Twenty three years ago. I still remember the way that made me feel. The boys were later dealt with by the principal and suspended from the bus but their actions stayed with me for all these years. The feeling of not belonging, of having to justify myself to them, of being insulted so humiliatingly lingered with me. It stayed with me on and off during high school. While things improved, the occasional jerk would taunt me with those same haunting words: "Dirty Paki."

It made me question my roots for some time. To figure out who I really I am. Am I Canadian? I'm born in Montreal, is that good enough? What more do I have to prove?
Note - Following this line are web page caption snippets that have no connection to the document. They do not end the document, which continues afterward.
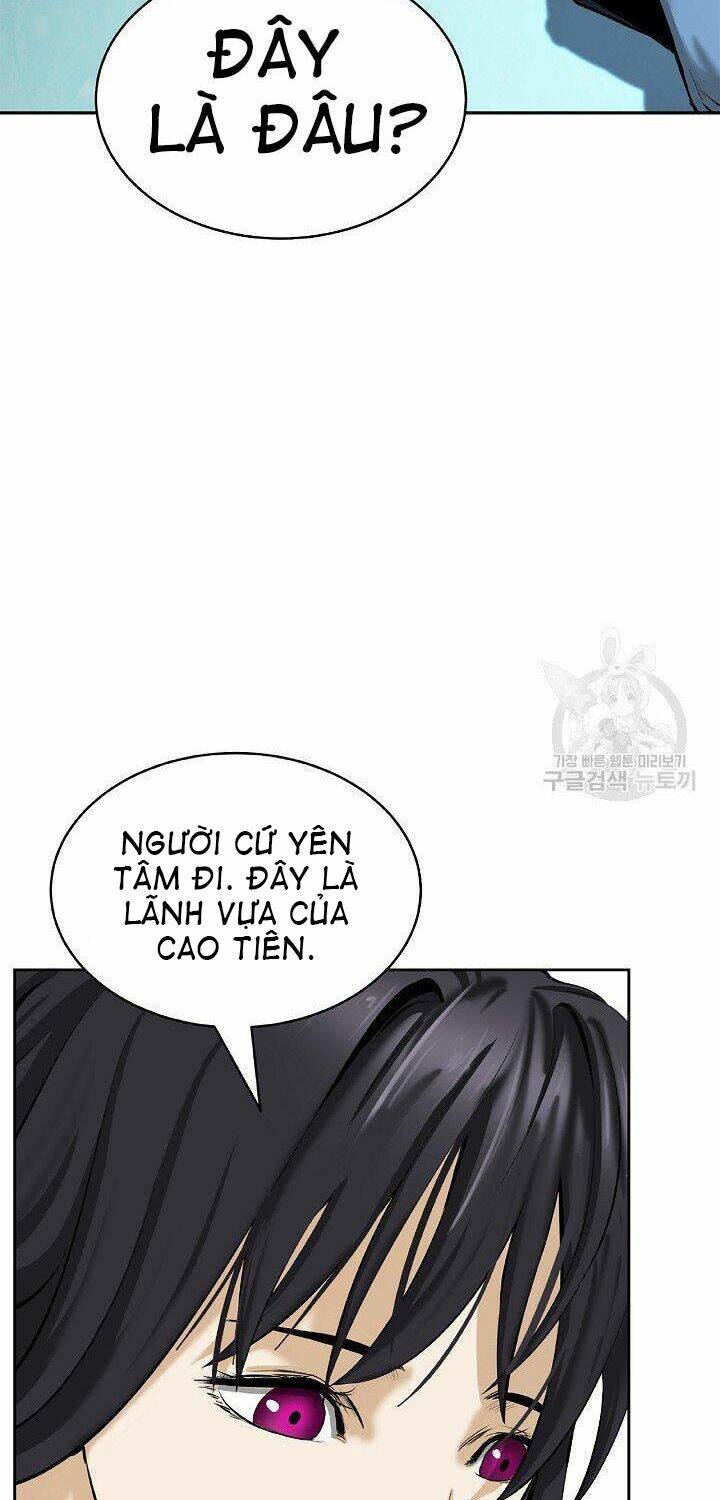 Lãng Tiên Kỳ Đàm: Chapter 60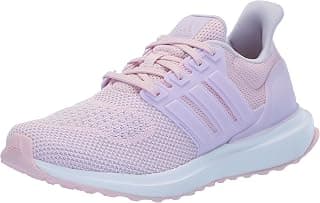 adidas Unisex-Child Ubounce DNA Shoes (Little Kid)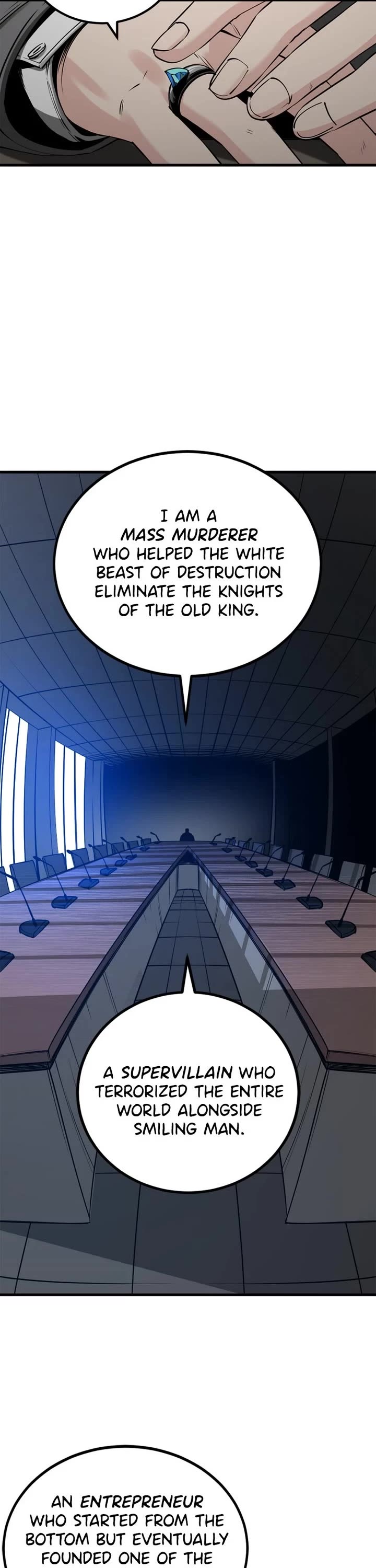 Hero Killer (Beolkkul) Chapter 236 page 22 - Chapter 236: Episode 236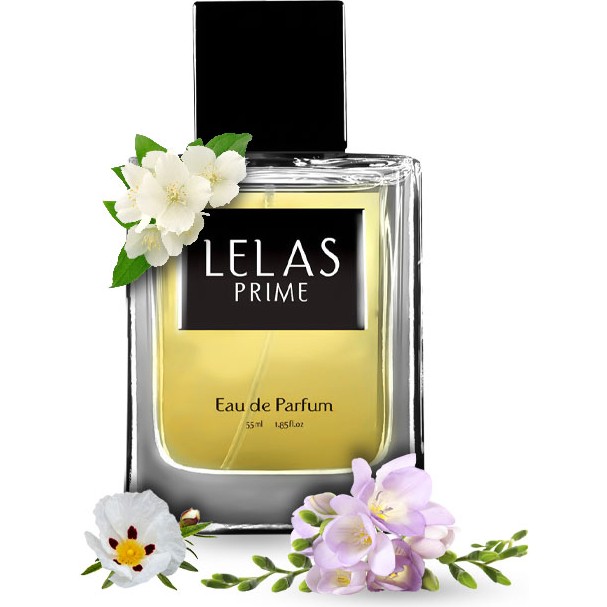 LELAS Prime 267 Sweat Heart Kadın Parfüm EDP 55 ML – Çiçeksi Odunsu Misk Kalıcı Koku Parfümler Fiyatı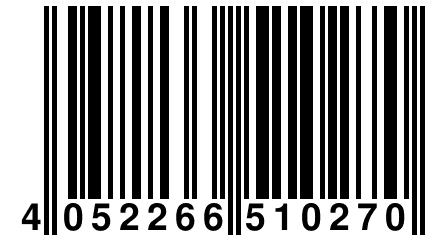 4 052266 510270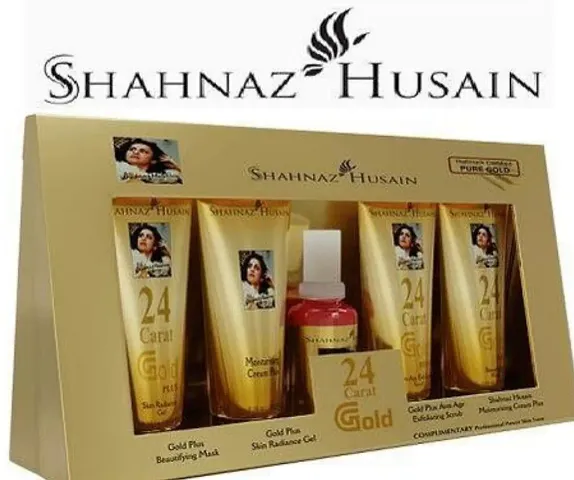 Premium Super Lady Skin Care Essential Collections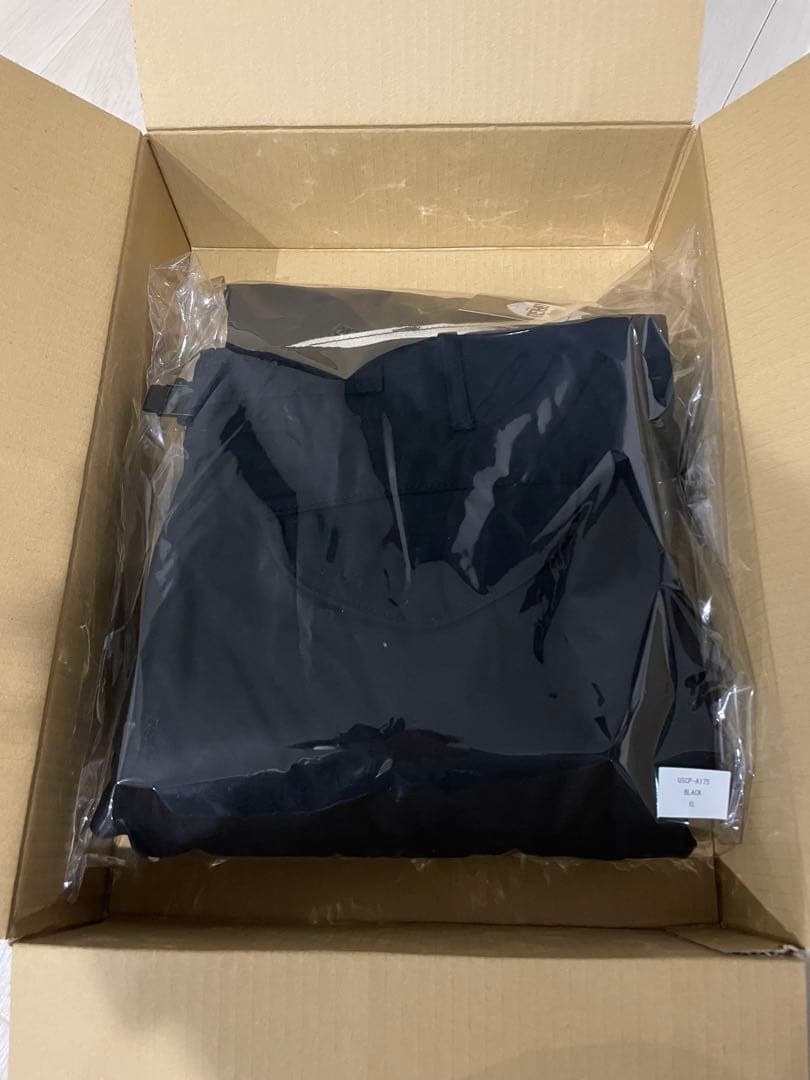 新品／バスブリゲード／アパレル／パンツ／XL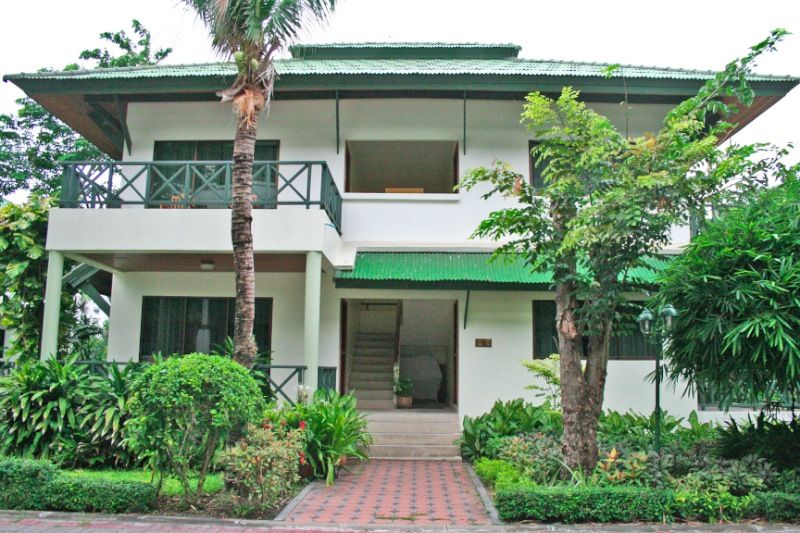 GRAND JOMTIEN PALACE HOTEL - 65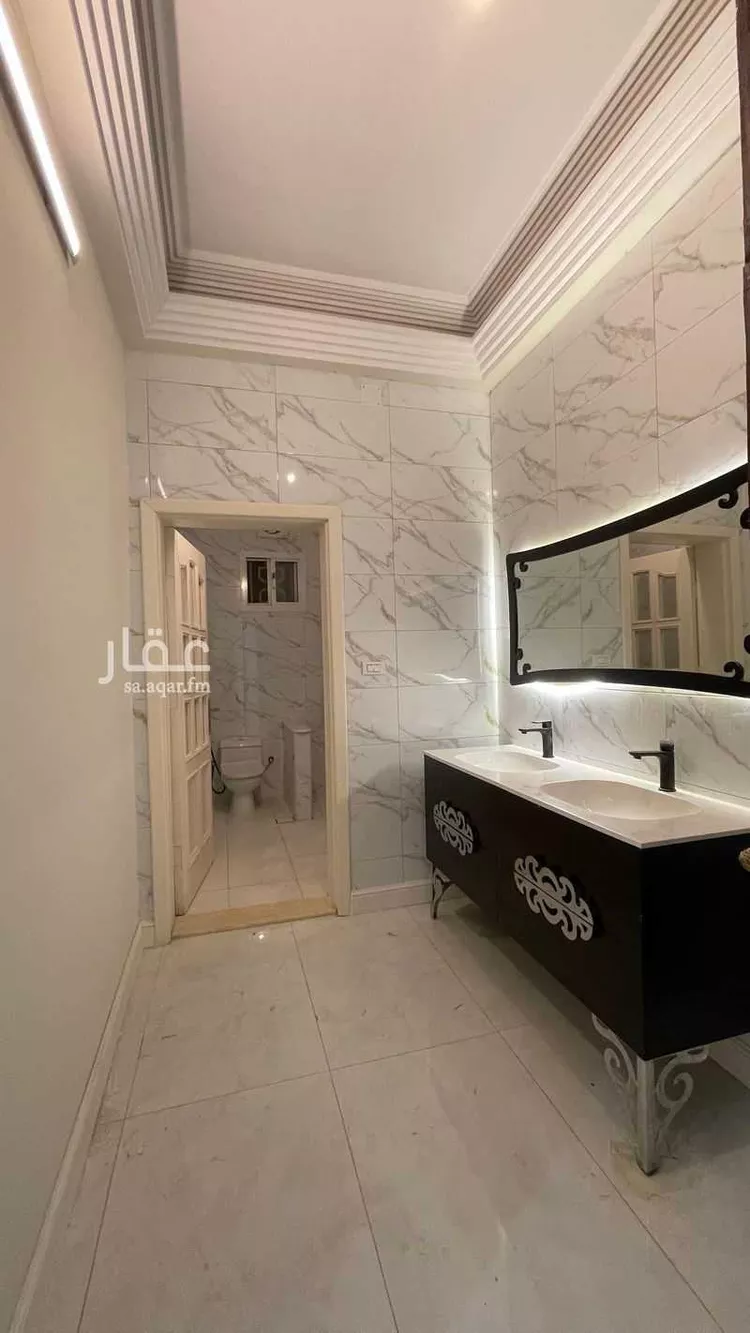 شقة للإيجار في شارع خالد حكيم, حي الربوة, مدينة جدة, منطقة مكة المكرمة صورة 5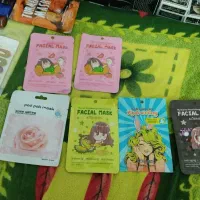 پک صابون و سرم شیر الاغ برطرف کننده لک و جوش صورت|آرایشی، بهداشتی، درمانی|زابل, |دیوار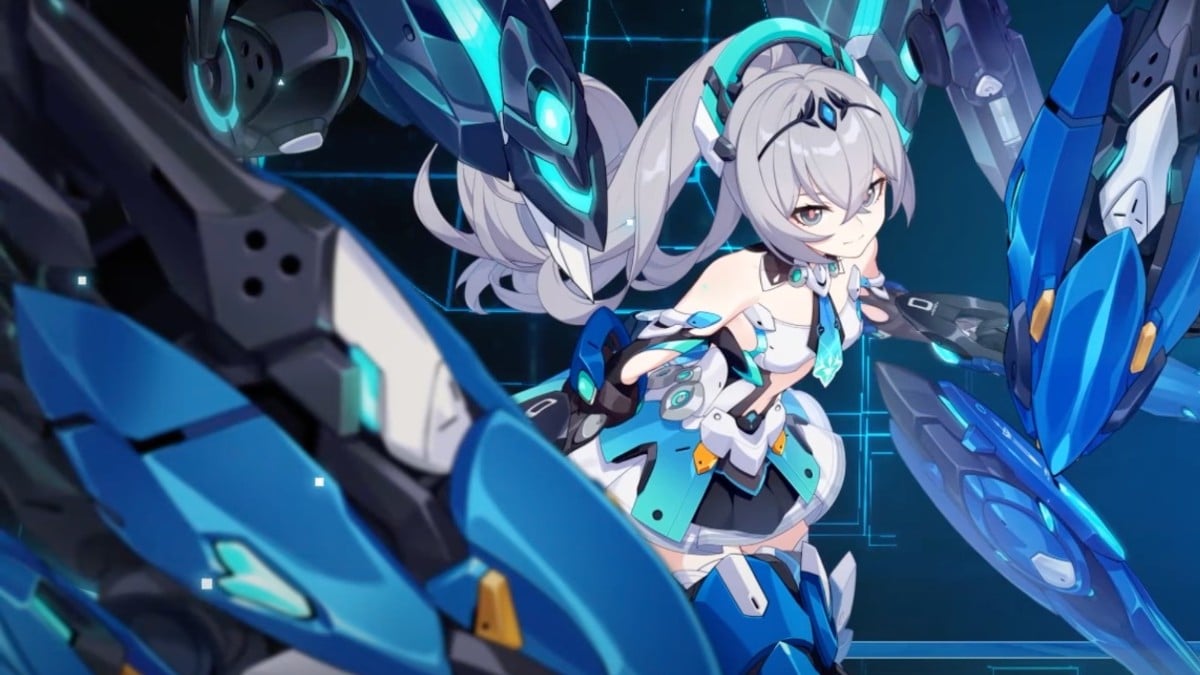 Honkai Impact 3rd Bronya Herrscher of Truth Battlesuit, New Year Animation Announced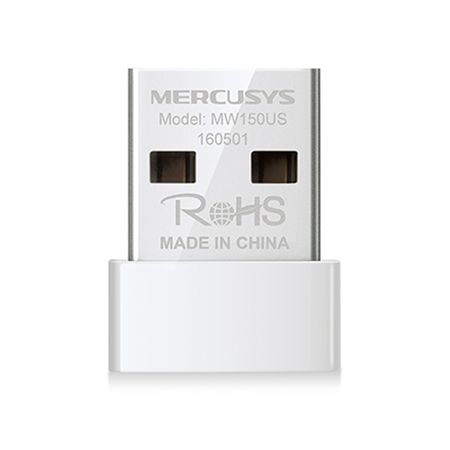 Placa Red WiFi USB Tp-Link MW150US Nano P.RedW Mercusys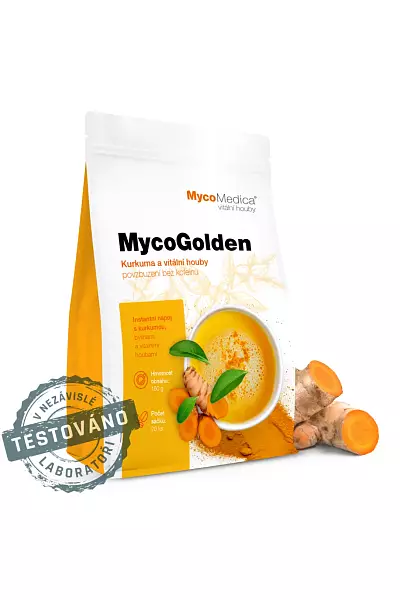 MycoGolden photo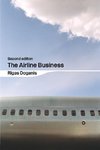 The Airline Business in the 21st Century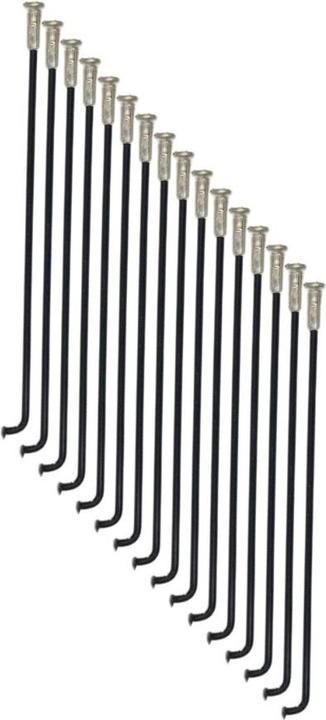 Kids Ride Shotgun Dirt Hero 14” Spokes (set of 16), Dirt Hero Laufrad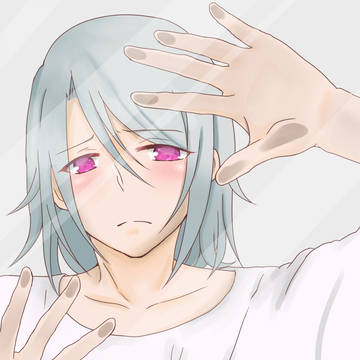 【通販開始しました】あのへや【サンプル】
It took me years to come to terms with my identity and to speak up against those foolish enough to think otherwise.

Times have changed, but in some ways they have remained the same. We are now raising our own children in Montreal, and not far from where I grew up.

Recently, my daughter came home and told me a boy in her class had told her she must be Indian. She told him no, actually, she is Canadian. He told her no, she must be Indian, she is brown. She told him, actually no, I am Canadian, I was born in Toronto. He responded that nope, he is pretty sure she is Indian 'cuz her mom must have been born in India. She responded that actually nope, her mom was born in Montreal.

We live in the best country on the planet. Our cultural fabric is comprised of a mosaic of cultures and traditions. We embrace integration not assimilation yet there are still many who fear that which they do not know.

In my instance this traumatic event challenged me to question my identity and realize I have nothing to be ashamed of. I honour and respect my parents and the millions of others before them for leaving their families behind and traveling across the globe to start a new life. Excluding First Nations people, we are all immigrants. No one has any superior right over the other. It is the subtleties of our differences that makes us unique, strong and beautiful.

I had tucked this story away on the back shelves of my memory bank but chose to finally share it for the thousands of others that have suffered. I refused to let those words define me. For years they led me to question who I was. Somewhere deep within that cold, icy snow bank, two dirty words helped shape my identity and strengthen my red and white pride and that is something no bully can ever take away.